■ **Scraped caption text data**
BEGIN
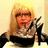 Pixelated image of a person with blonde hair holding a high-heeled shoe, with text reading SHOES!!!!!, LOL, and By Avery.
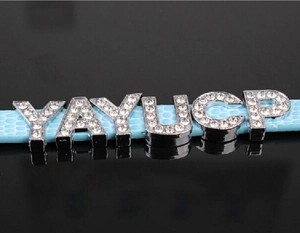 Detail of light blue leather strap with sparkling silver rhinestone sliding letters YAYUCP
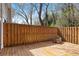 The backyard features a spacious wooden deck, perfect for outdoor entertaining and relaxation at 2794 Farmstead Se Rd, Smyrna, GA 30080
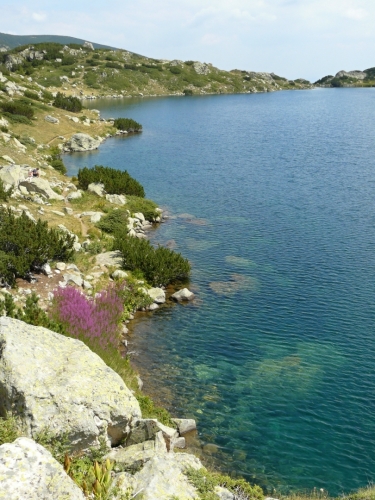 Značka obcházející jezero vede nahoru a dolů po kamenech a nabízí rozmanité pohledy na pobřeží.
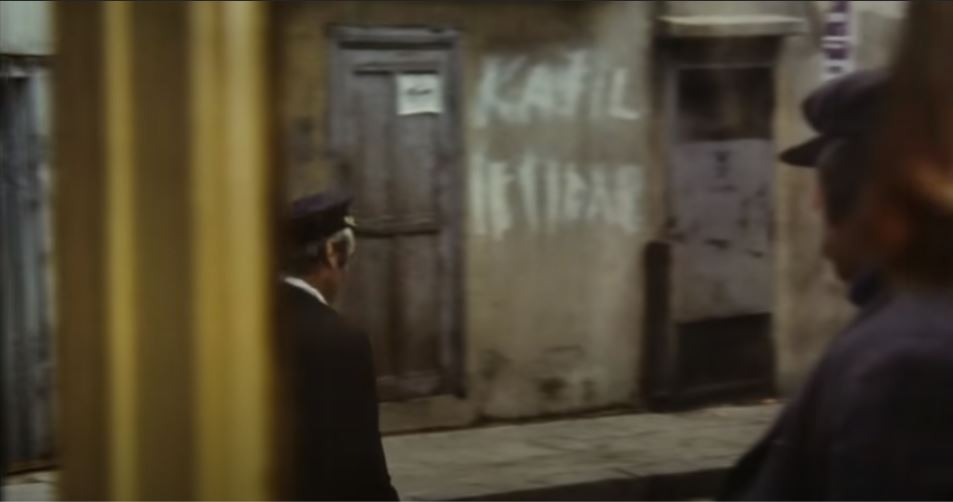 Filmdeki muktedir Zabıta Şakir'in arkasında buğulu bir "Katil iktidar" yazısı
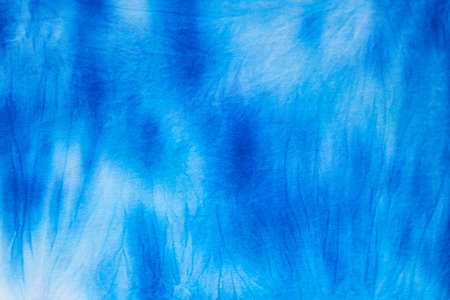 Blue abstract hand painted tie dye texture. Folk style design. Creative background for textile, fabric, wallpaper, wrapping paperの写真素材
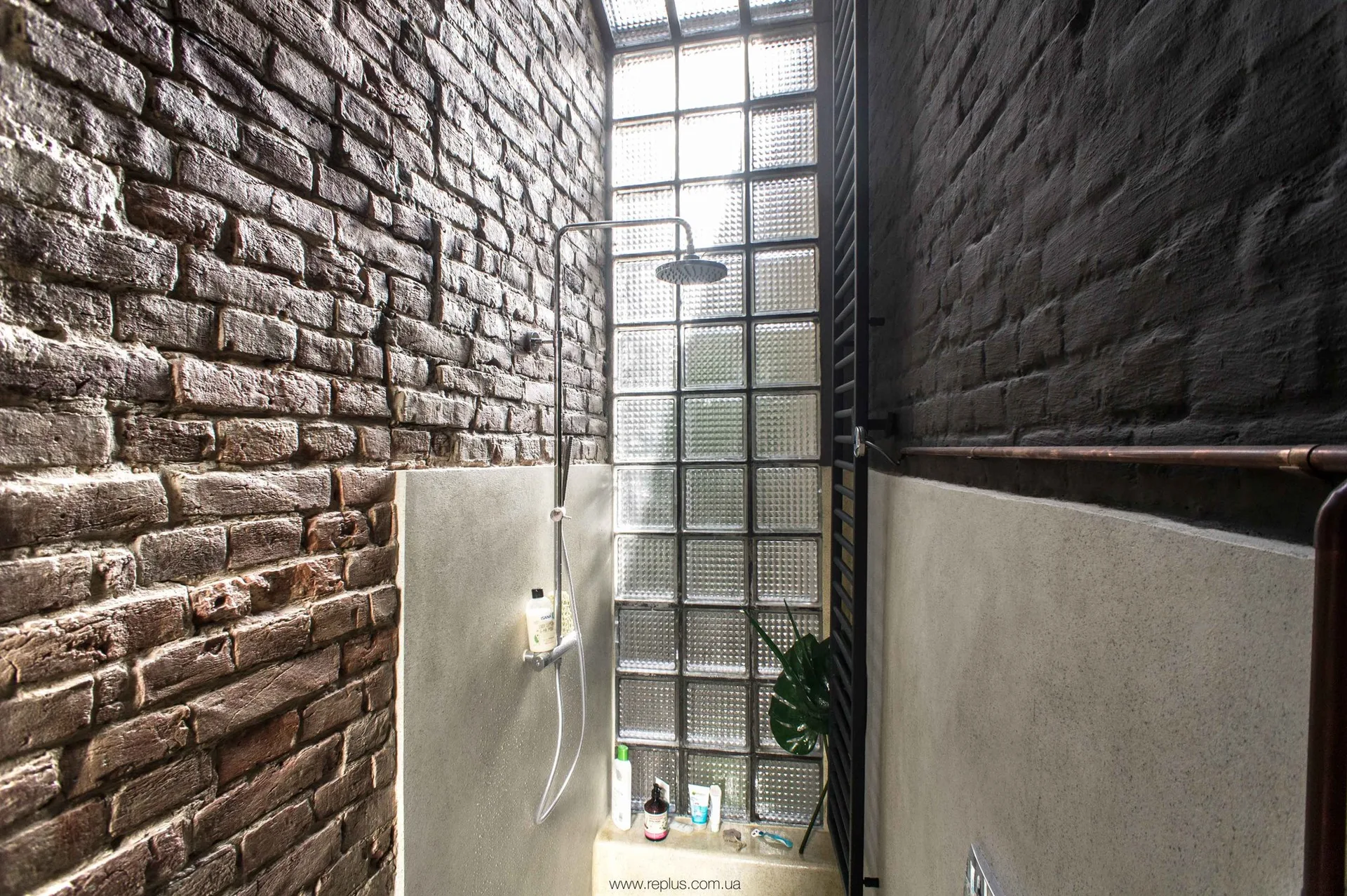 A narrow bathroom shower with dark exposed brick walls, a tall translucent glass block window, and a sleek metal shower fixture.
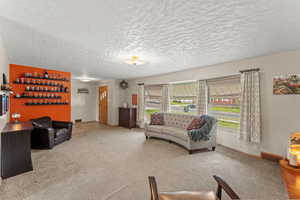 Carpeted living area with a textured ceiling, a bar, baseboards, and visible vents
END
■ **ASSIGNED TASK**
Reproduce the records above exactly, leaving out every picture they contain.

■ **SOLUTION TO THIS PROBLEM**
 Pixelated image of a person with blonde hair holding a high-heeled shoe, with text reading SHOES!!!!!, LOL, and By Avery.
 Detail of light blue leather strap with sparkling silver rhinestone sliding letters YAYUCP
 The backyard features a spacious wooden deck, perfect for outdoor entertaining and relaxation at 2794 Farmstead Se Rd, Smyrna, GA 30080
 Značka obcházející jezero vede nahoru a dolů po kamenech a nabízí rozmanité pohledy na pobřeží.
 Filmdeki muktedir Zabıta Şakir'in arkasında buğulu bir "Katil iktidar" yazısı
 Blue abstract hand painted tie dye texture. Folk style design. Creative background for textile, fabric, wallpaper, wrapping paperの写真素材
 A narrow bathroom shower with dark exposed brick walls, a tall translucent glass block window, and a sleek metal shower fixture.
 Carpeted living area with a textured ceiling, a bar, baseboards, and visible vents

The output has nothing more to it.